Jess had his first solo exhibition at the Helvie Makela Gallery, San Francisco in 1951.
In 1959, the artist began an important series of works called The Translations Series. The series began with twenty-six paintings that combined enlarged reproductions of photographs, engravings, and literary texts. This painting, completed in 1975 is number 28 in the series which the artist continued to revisit throughout his life.
Crossing and Recrossing the Heart: Translation #28, is a wonderful example of the artist use of mytho-poetic themes, signs and symbols that hasten back to the artist’s early surrealist influences.

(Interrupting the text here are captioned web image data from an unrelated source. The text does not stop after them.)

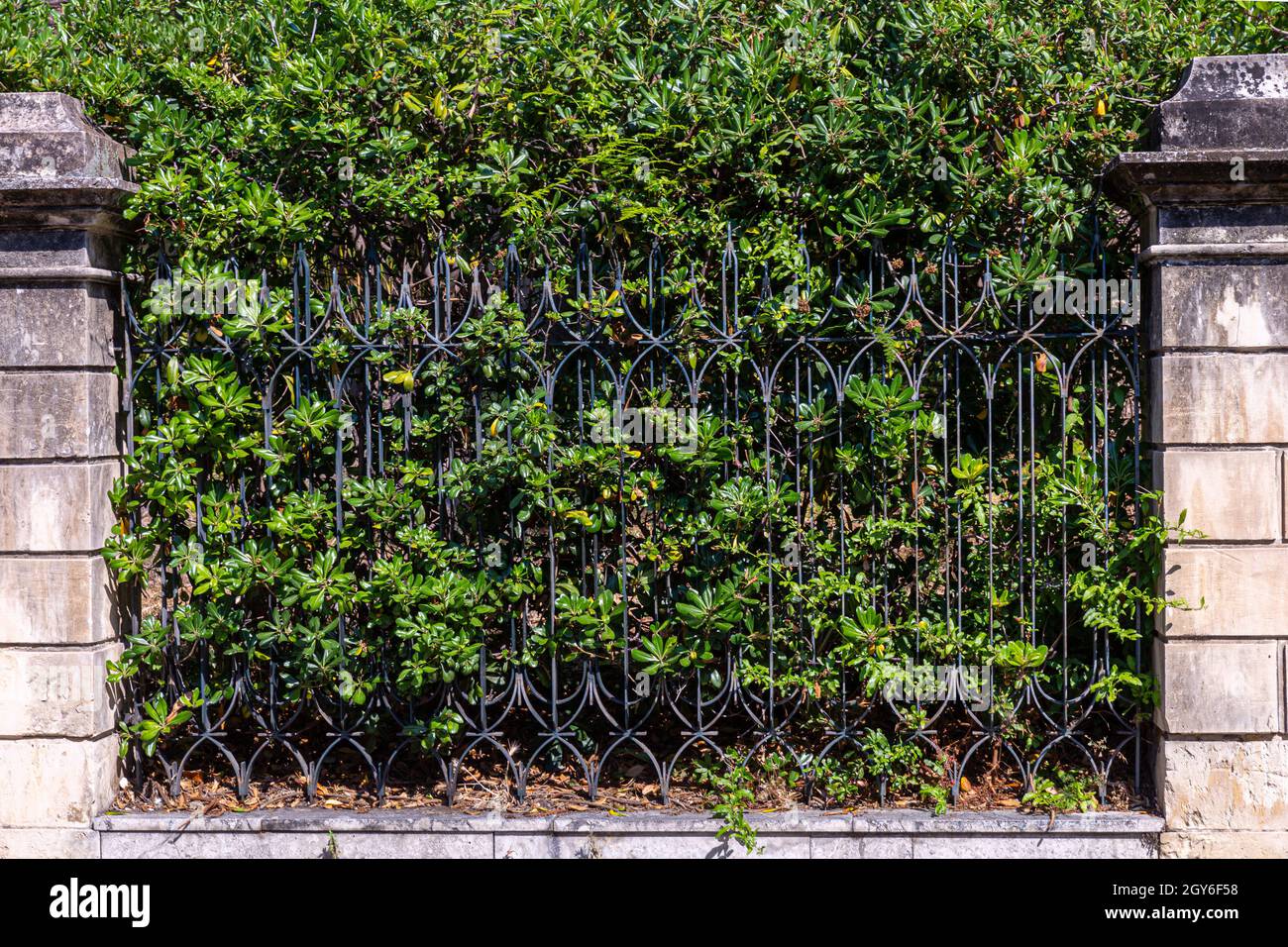 Thick green hedge behind a railing. Ideal for backgrounds Stock Photo ...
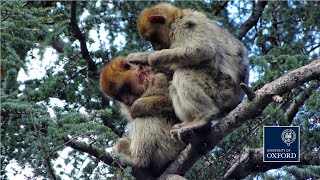 Wild Barbary macaques adopt injured juvenile [upl. by Nnylodnewg]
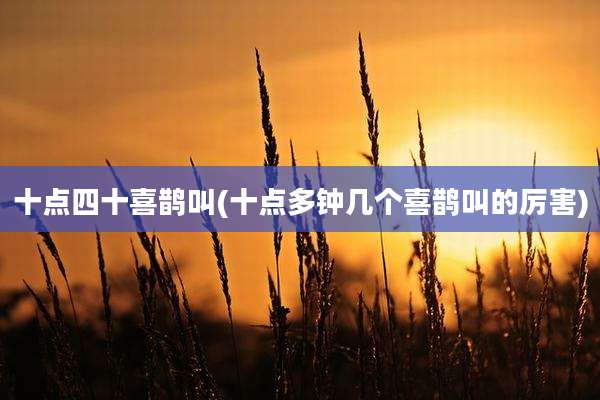 十点四十喜鹊叫(十点多钟几个喜鹊叫的厉害)
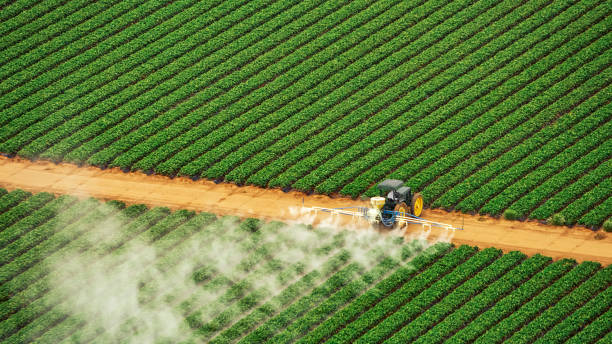 Best Exterminator Services  in Abaster, AL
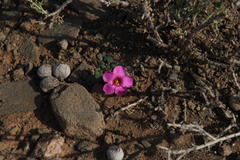 Oxalis fergusonae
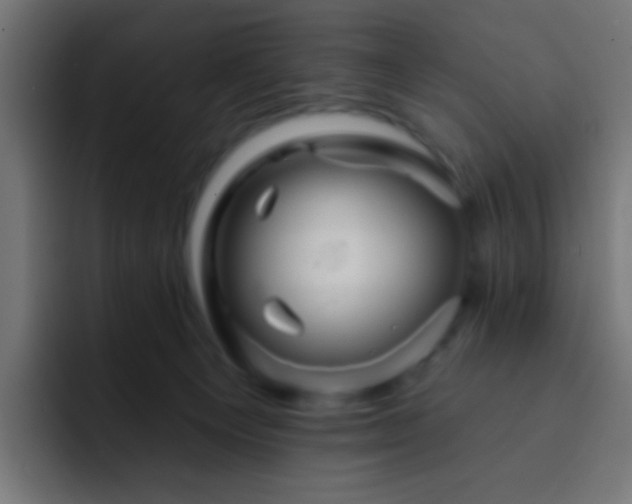 X0000093140129200710031417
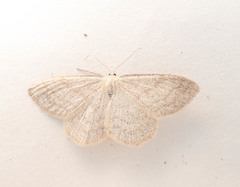 Scopula ternata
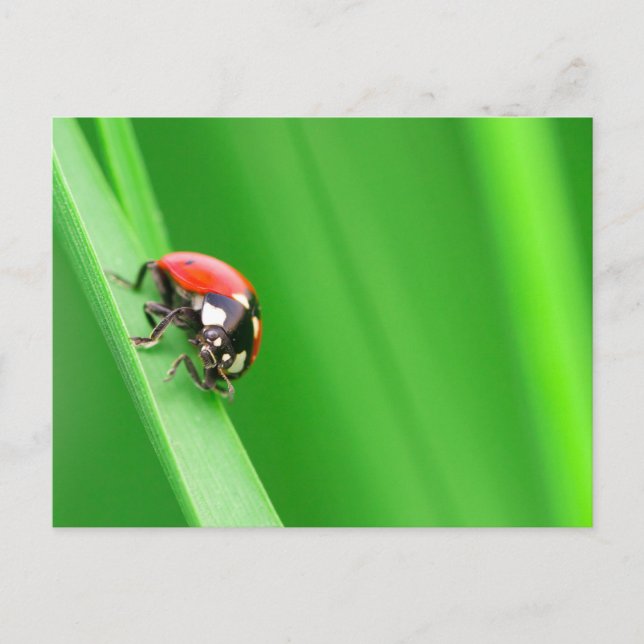 Ladybird Postkarte (Vorderseite)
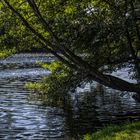 El Rio Miño, a su paso por Lugo.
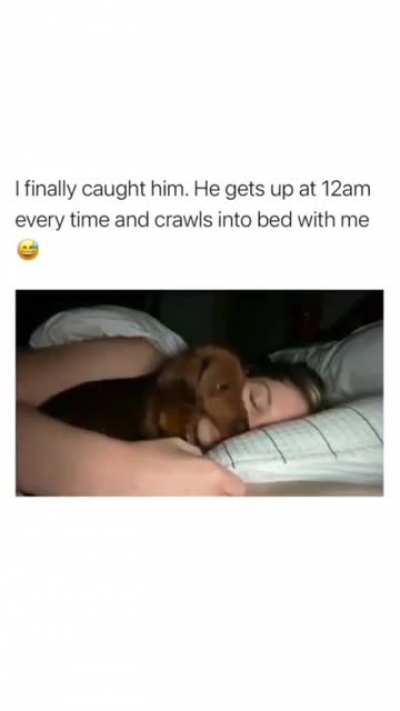 Good boy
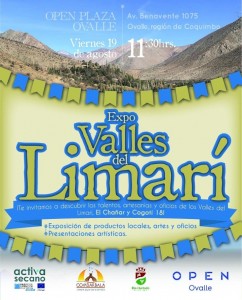 17.8 expo valles limari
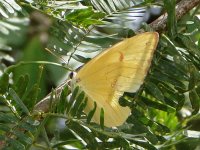 AA Butterfly - Caribbean Bonaire - 10Nov12 - 05-027.jpg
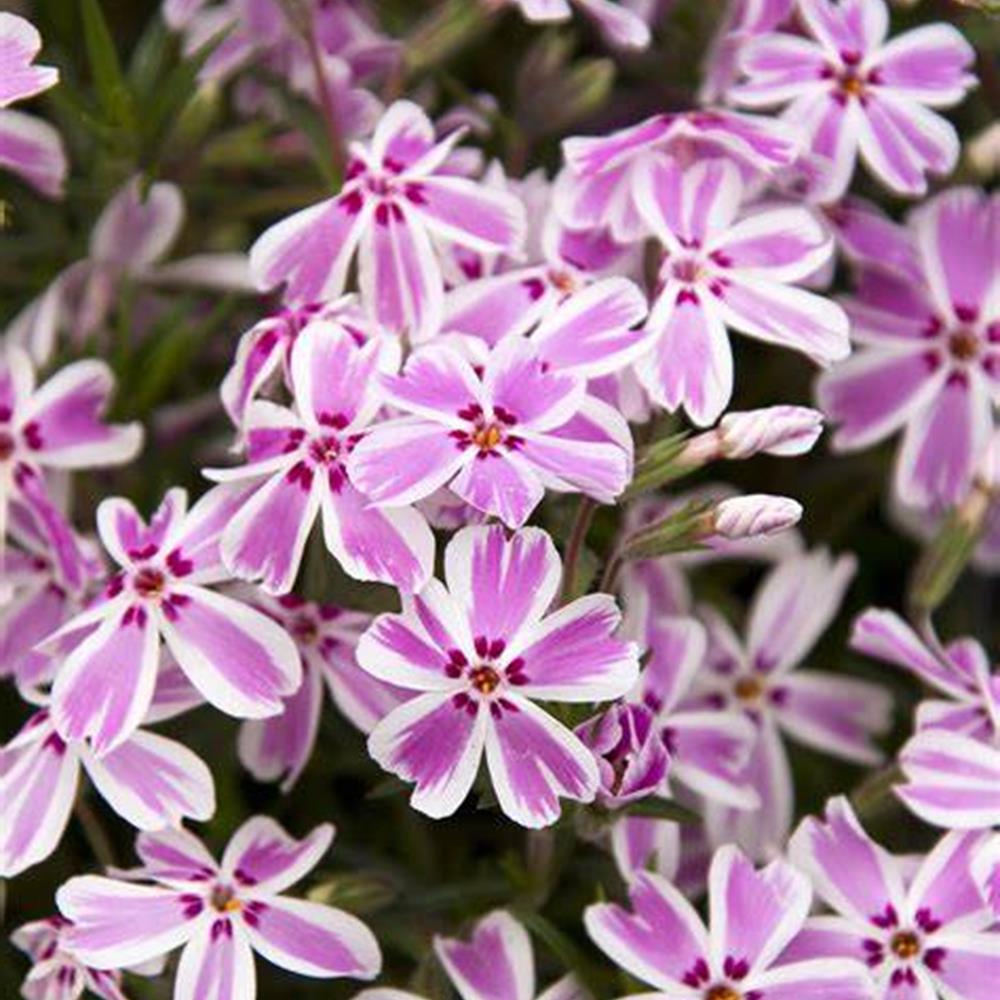Phlox, Creeping 'Candy Stripe' qt
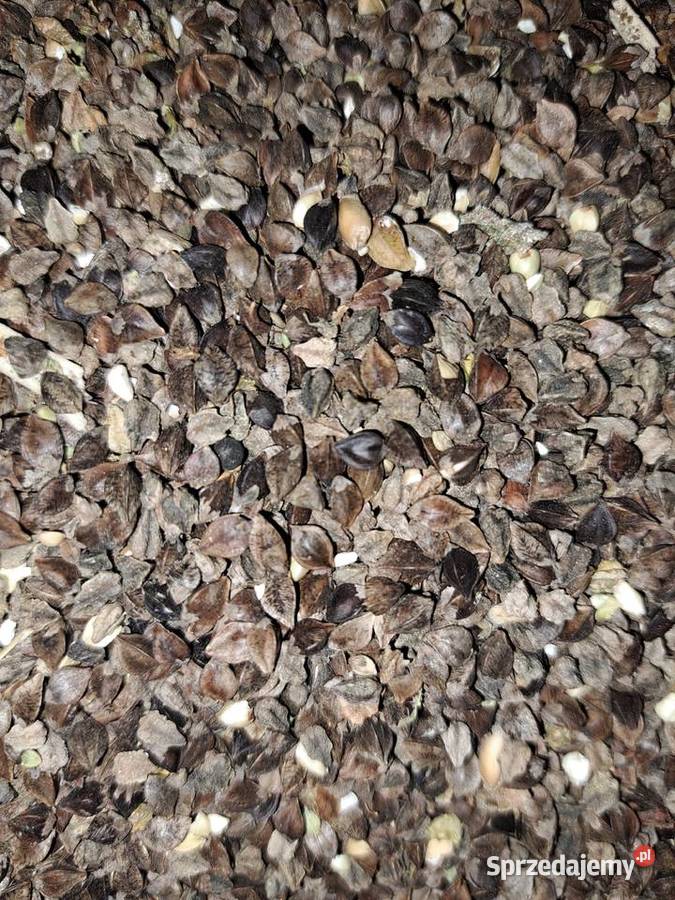 Gryka na popolon nasiona Włoszczowa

Unique among Jess’ most accomplished works, Crossing And Recrossing the Heart contains an important inscription where by the artist explains his particular source material:
Translation #28: from 2 illustrations in Mexican and Central American Mythology by Irene Nicholson: Codex Vaticanus of “Quetzalcatl, the morning star being swallowed by the serpent, earth, as day breaks and the sun returns”, and Codex Fejervary-Mayer of “Lord of the Vanquard, or Lord of the Nose, Yiacatecuhtli, …god of the Pochectas, the traveling merchants… followers of Quetzalcoatl”
Also inscribed on the back is an Aztec poem translated from the Spanish of Angel Maria Garibay by Irene Nicholson and reprinted in Laurette Sejourne’s Burning Water:
“…I offer, offer flowering cocoa:
that I may be sent to the House of the Sun!
Beautiful and very rich is the crown of quetzal plumes:
may I know the House of the Sun, may I go to that place!
Oh, no one contains in his soul the lovely inebriate flower:
sparse cocoa flowers giving their fragrance in huexotzinco’s water.
Each time the sun climbs this mountain
my heart cries and is sad:
would it were the flower of any heart; painted in beautiful colors!
The King of those who return sings on the flowers”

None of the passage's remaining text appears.